Start of Materials provided
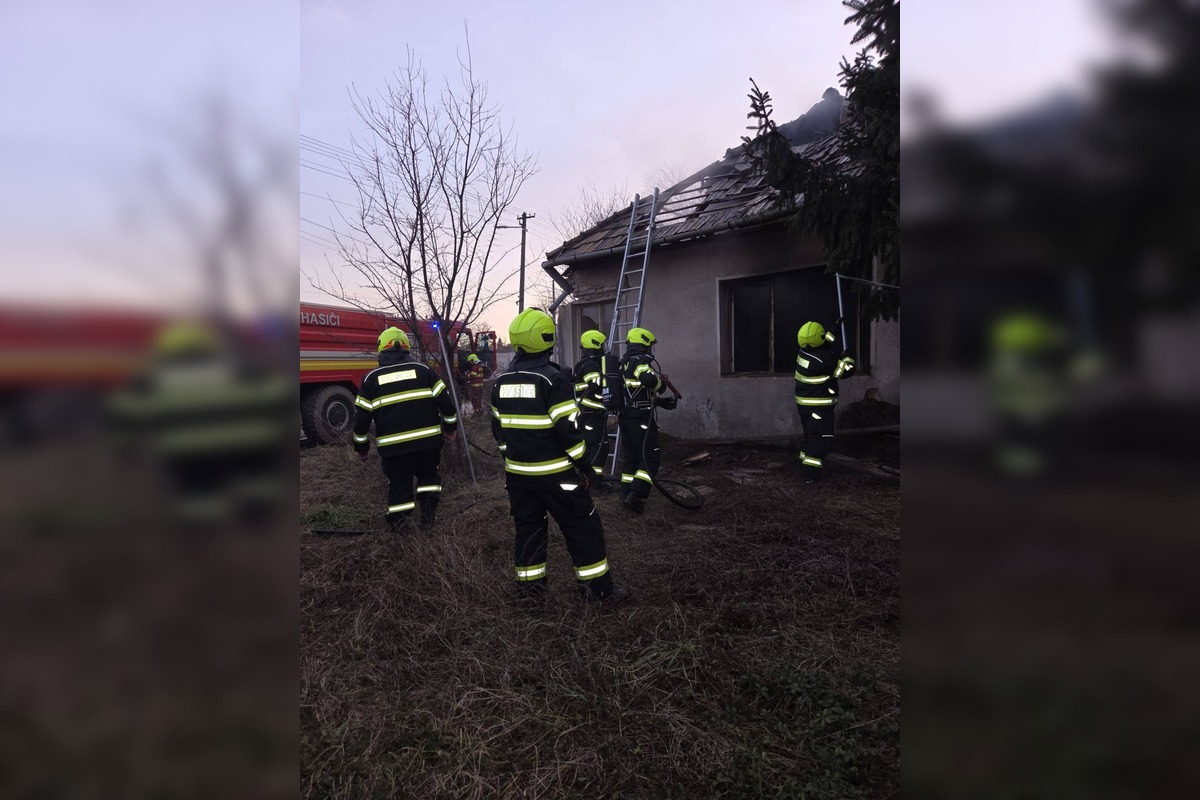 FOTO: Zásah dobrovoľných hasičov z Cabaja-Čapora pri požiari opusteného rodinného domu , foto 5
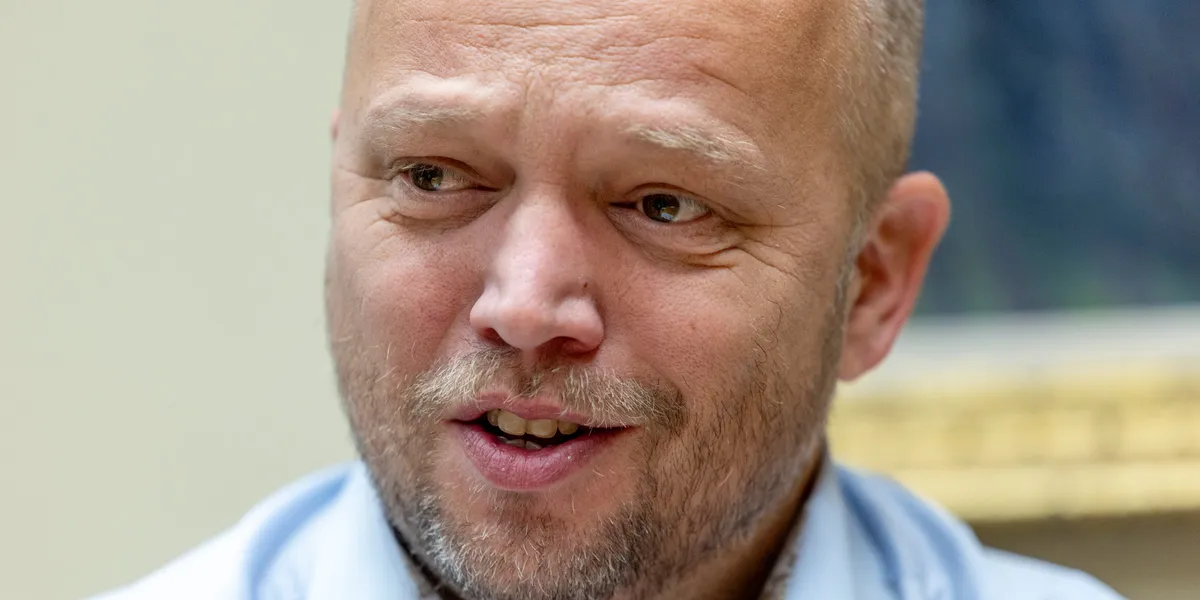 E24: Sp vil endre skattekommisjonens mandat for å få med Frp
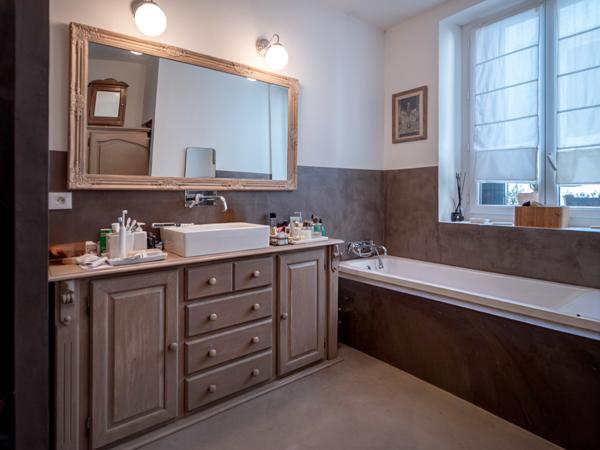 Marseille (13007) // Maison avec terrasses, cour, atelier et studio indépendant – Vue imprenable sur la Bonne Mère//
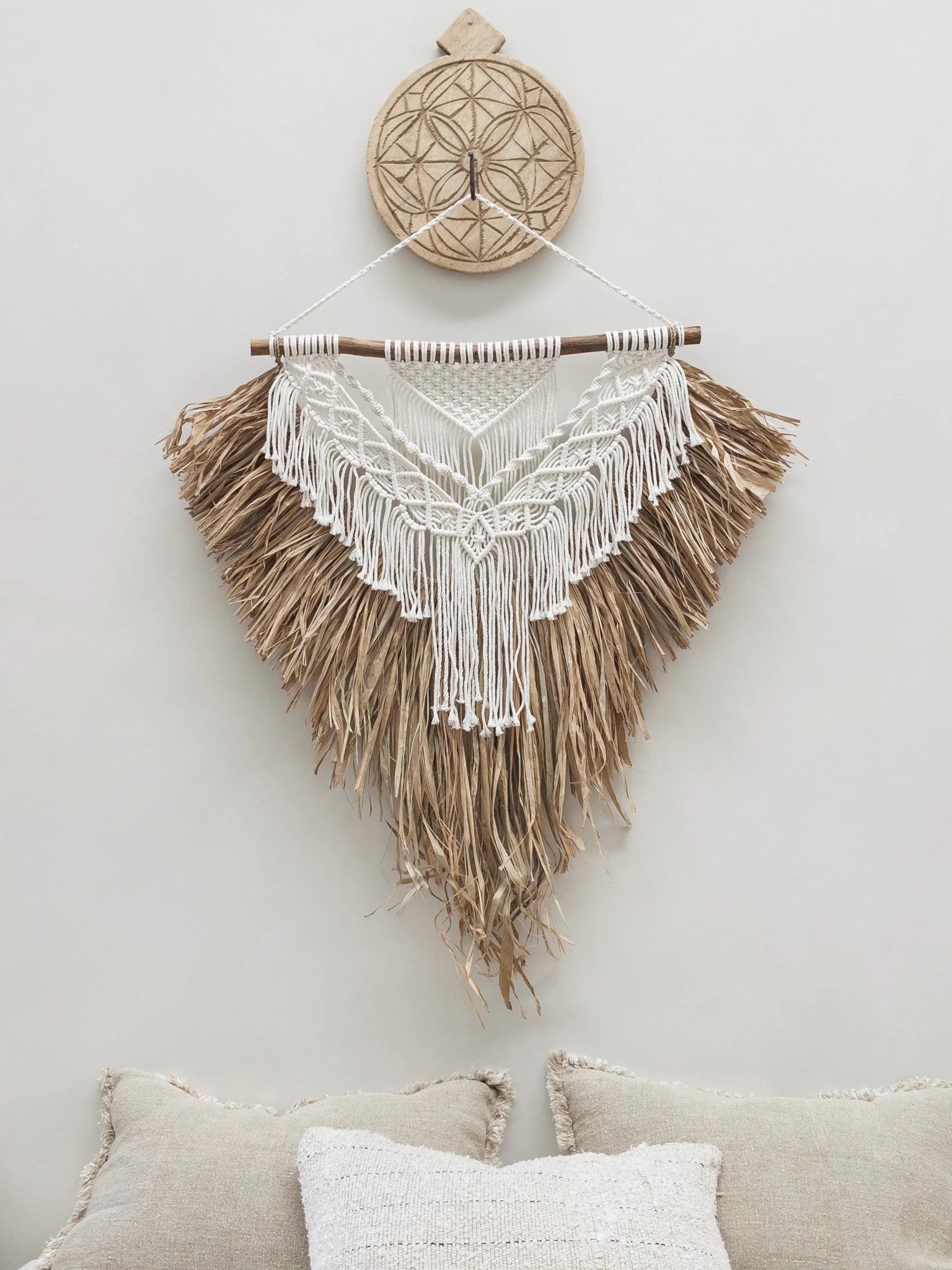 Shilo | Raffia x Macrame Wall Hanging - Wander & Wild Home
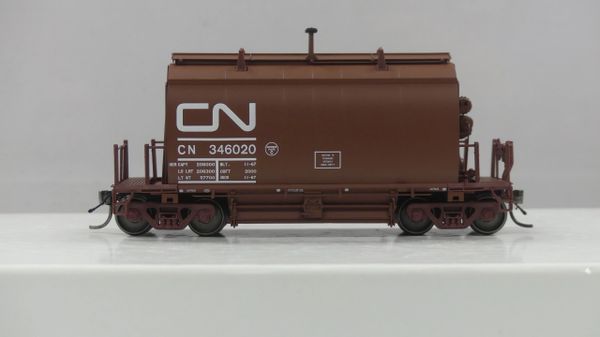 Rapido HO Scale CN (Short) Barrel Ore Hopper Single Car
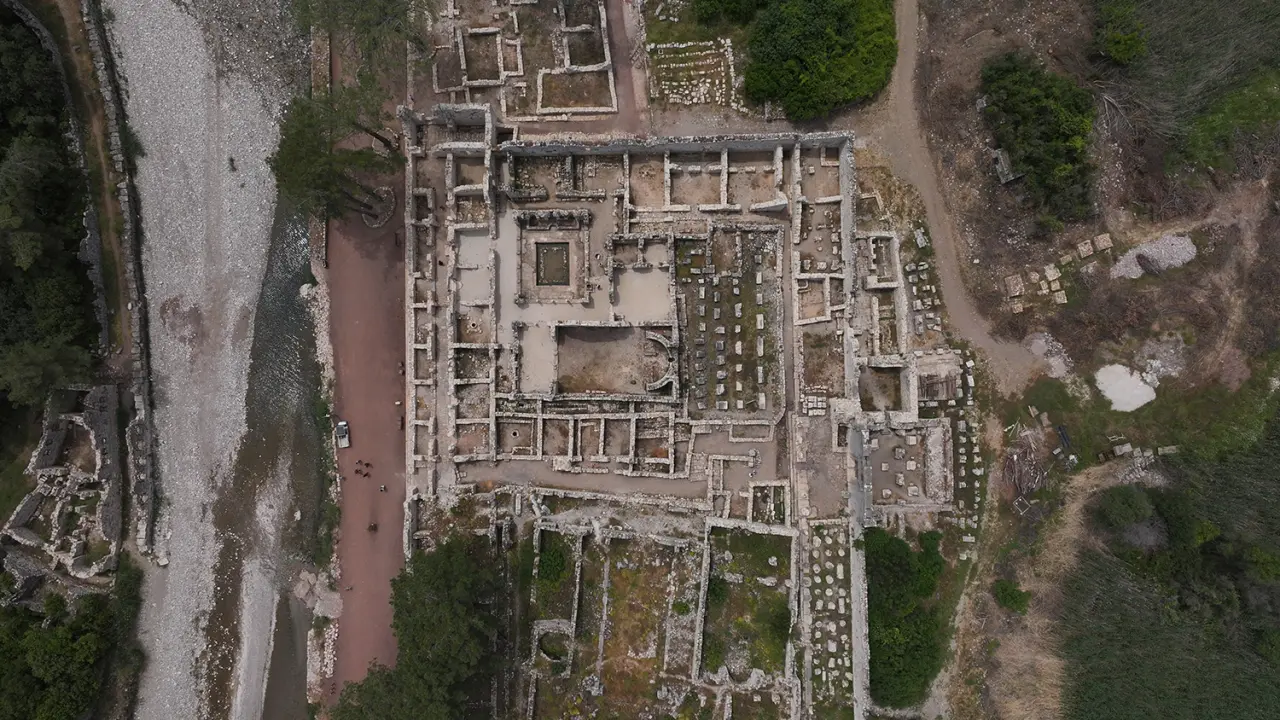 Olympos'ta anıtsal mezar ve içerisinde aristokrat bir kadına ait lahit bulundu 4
End of Materials provided
Where an image appears in the data, skip it, and return the rest verbatim.

 FOTO: Zásah dobrovoľných hasičov z Cabaja-Čapora pri požiari opusteného rodinného domu , foto 5
 E24: Sp vil endre skattekommisjonens mandat for å få med Frp
 Marseille (13007) // Maison avec terrasses, cour, atelier et studio indépendant – Vue imprenable sur la Bonne Mère//
 Shilo | Raffia x Macrame Wall Hanging - Wander & Wild Home
 Rapido HO Scale CN (Short) Barrel Ore Hopper Single Car
 Olympos'ta anıtsal mezar ve içerisinde aristokrat bir kadına ait lahit bulundu 4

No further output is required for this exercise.